Several studies have shown, with a variety of tests, that 100% of severe COVID‐19 patients have seroconverted about 3 weeks after symptom onset [19]. Our previous study also showed that the prevalence of IgG was 89.1% and had a downward trend within 81 days [20]. In the present study, the prevalence of IgG was 46.9% 6 months after discharge. It was reasonable to speculate that the IgG might disappear over time. This reminds us that even people who have obtained protective antibodies should have the awareness of preventing reinfection. In addition, once the SARS‐CoV‐2 vaccine has been developed and administered to the general population, the duration of antibodies in the body should be monitored. It is worth noting that IgM was positive in some cases during follow‐up. It was unclear whether IgM continued to be positive or developed progressively from negative to positive. There was a possibility that the remaining virus in the body will be activated again when the body's immunity declines, and it is possible to reinfect. What is certain is that there were no confirmed COVID‐19 cases reported in Wuhan during the follow‐up period. False positives caused by the test kit cannot be excluded.

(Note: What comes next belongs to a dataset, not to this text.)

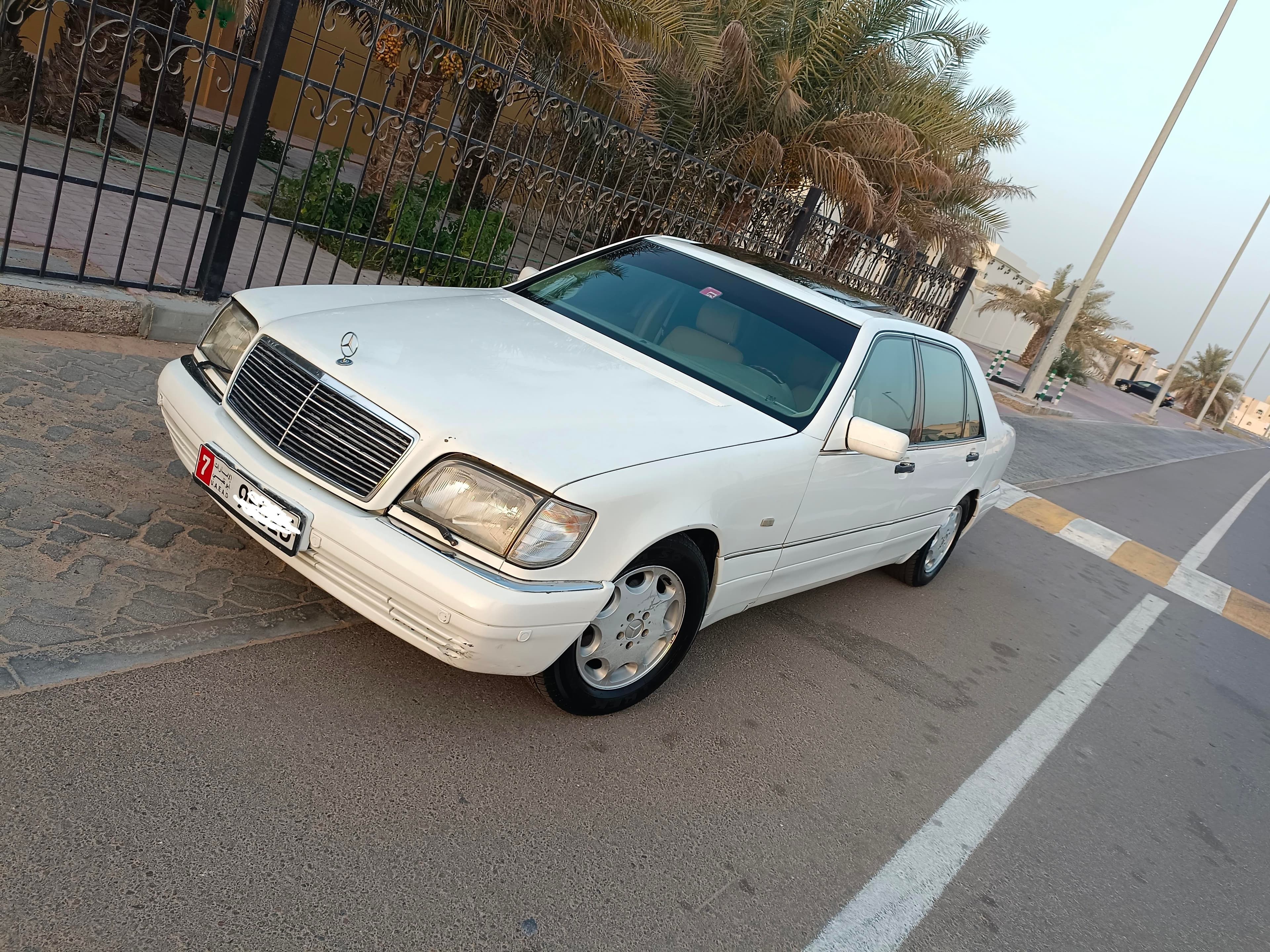 مرسيدس S320 موديل 1998 4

The main limitation of our study is its descriptive nature and that most of the symptoms were recorded as patient’s subjective descriptions. We did not obtain the specific severity of the patient's symptoms, and thus, there is no quantitative data analysis. Epidemic diseases have a psychological impact on both infected and noninfected individuals. The results of the study were only obtained from patients who have recovered from the COVID‐19 and have not been compared with non‐COVID‐19 populations in the epidemic environment. Finally, the data for follow‐ups are entirely from Wuhan, China. Besides, the population in this study is relatively small. Therefore, it may not be fully representative of the population in China or even the world.

Our study provides a preliminary database for the physical and psychological profile of patients with COVID‐19 at sixth‐month follow‐up. To our knowledge, this is the first report on detailed medium or long‐term follow‐ups of patients who recovered from severe COVID‐19. We recommend that measures should be taken to prevent mental health problems, and a comprehensive plan should be initiated to assist patients with COVID‐19 to recover from physical and psychological disorders. Further follow‐up is needed to assess whether these symptoms are persistent and to identify the duration of protective antibodies.

Acknowledgements

We acknowledge all patients with COVID‐19 in Zhongnan Hospital of Wuhan University, No. 7 Hospital of Wuhan and Leishenshan Hospital (Wuhan, China).

Conflict of interest

The authors have declared that no competing interest exists.